D’autres images, révélées par les médias, renforcent encore les soupçons. On y voit notamment l’une des sorties de secours du sous-sol partiellement obstruée par une chaise, quelques minutes avant le déclenchement de l’incendie. Un élément central pour les enquêteurs, plusieurs témoins ayant affirmé que cette issue était inutilisable au moment du drame.
Une défense qui peine à convaincre
Interrogé par les enquêteurs, Jacques Moretti assure que la mousse installée au plafond ne présentait aucun danger. Il affirme même l’avoir testée lui-même à l’aide d’un chalumeau. « Ça a brûlé, j’ai dû éteindre le feu, mais ce qui m’a dérangé, c’est surtout la fumée », a-t-il expliqué, ajoutant que les services de sécurité incendie de la ville n’avaient rien signalé d’anormal lors de leurs contrôles. Concernant la chaise bloquant l’issue de secours, le gérant avance l’hypothèse d’un geste de client, survenu pendant la soirée ou la veille. Une explication que les parties civiles jugent peu crédible, au regard des images de vidéosurveillance et des témoignages concordants.
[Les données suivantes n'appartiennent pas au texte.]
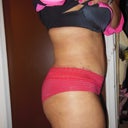 4 weeks PO revision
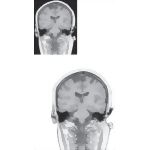 Coronal Sections Through the Forebrain: Level 7 - Midthalamus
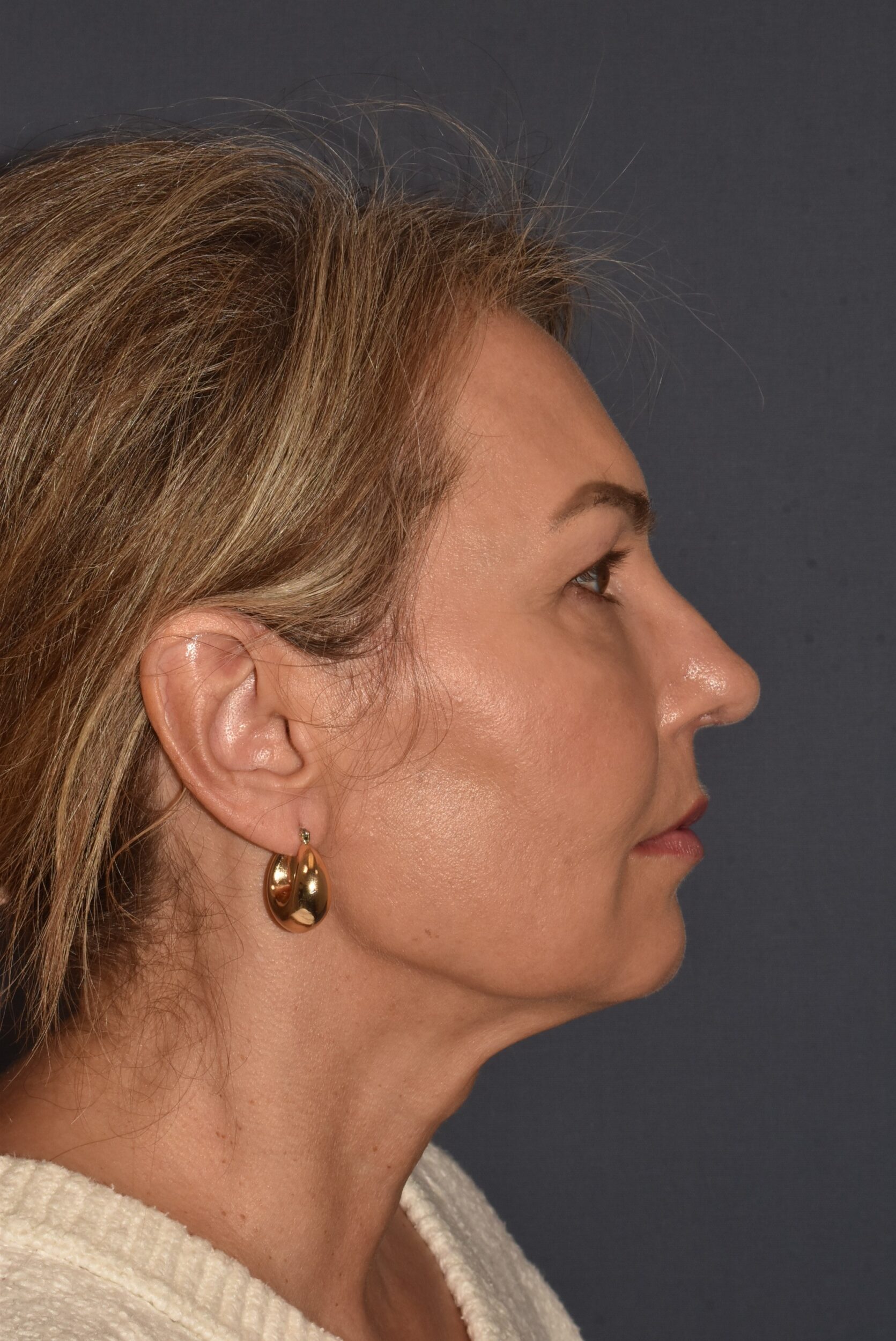 After Image: Rhinoplasty – Open - right-side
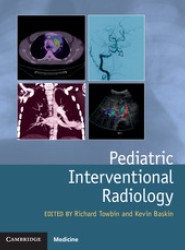 Pediatric Interventional Radiology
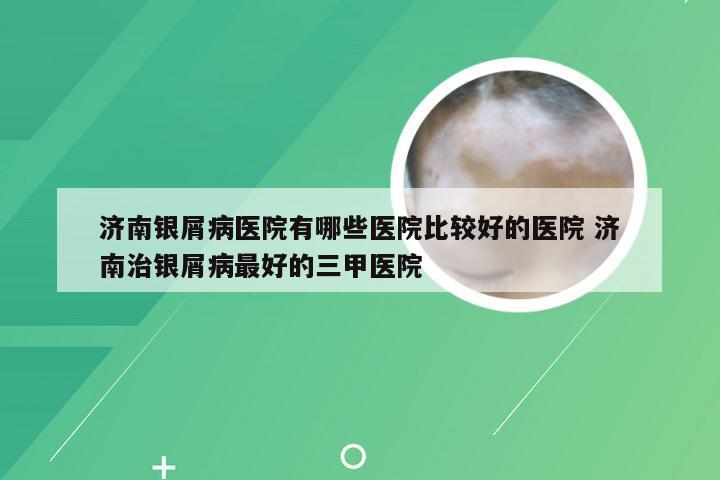 济南银屑病医院有哪些医院比较好的医院 济南治银屑病最好的三甲医院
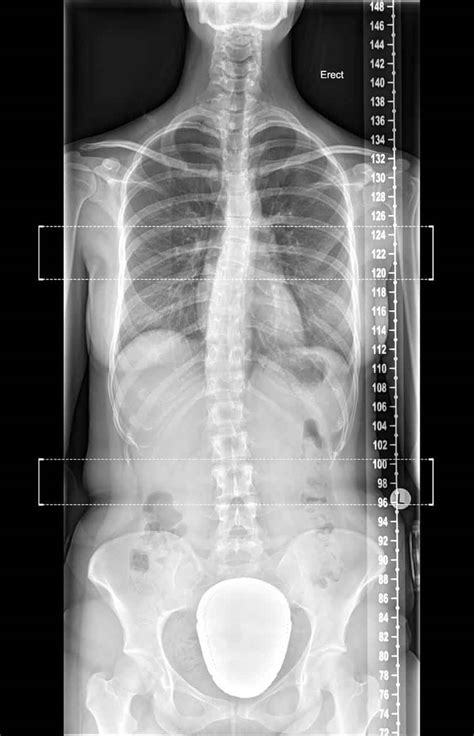 Digital X Ray Diagnostic Imaging Melbourne Radiology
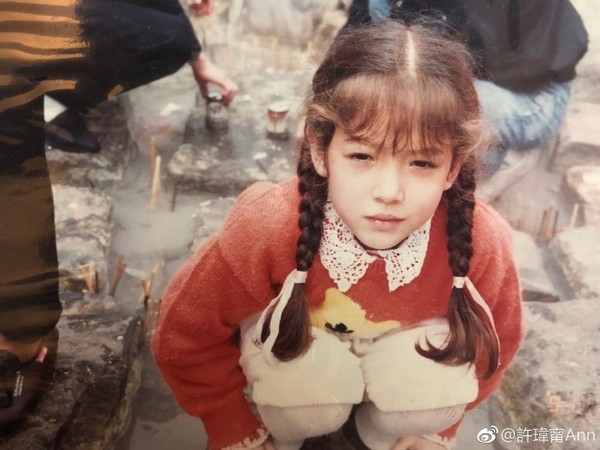 許瑋甯小時候髮色偏紅，混血兒長相卻讓她在童年時期飽受霸凌之苦。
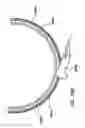 Fig. 33 - Natural orifice surgery system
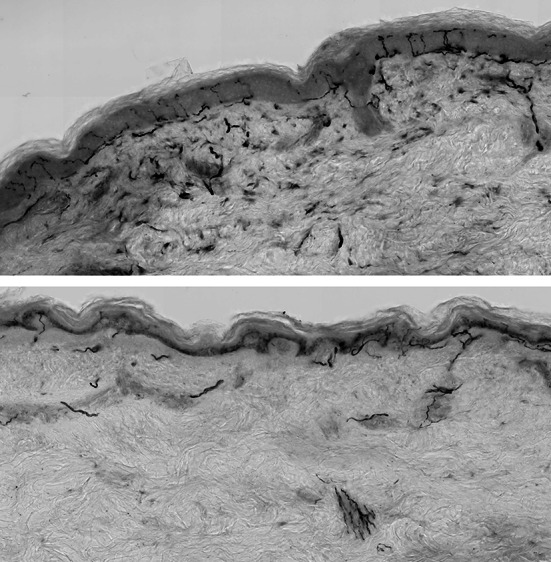 Small Fibre Pathology in Fibromyalgia: A review.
Depuis sa sortie de détention provisoire, Jacques Moretti reste soumis à des mesures strictes. Il est assigné à résidence dans son chalet et doit se présenter quotidiennement au commissariat. L’enquête, elle, se poursuit, alimentée par ces nouveaux éléments audiovisuels qui pourraient peser lourdement dans l’appréciation des responsabilités. À Crans-Montana, ce drame dépasse désormais le simple cadre d’un accident nocturne. Il pose frontalement la question du respect des normes de sécurité dans les établissements recevant du public — et de la frontière entre négligence et mise en danger délibérée d’autrui, que la justice suisse devra trancher.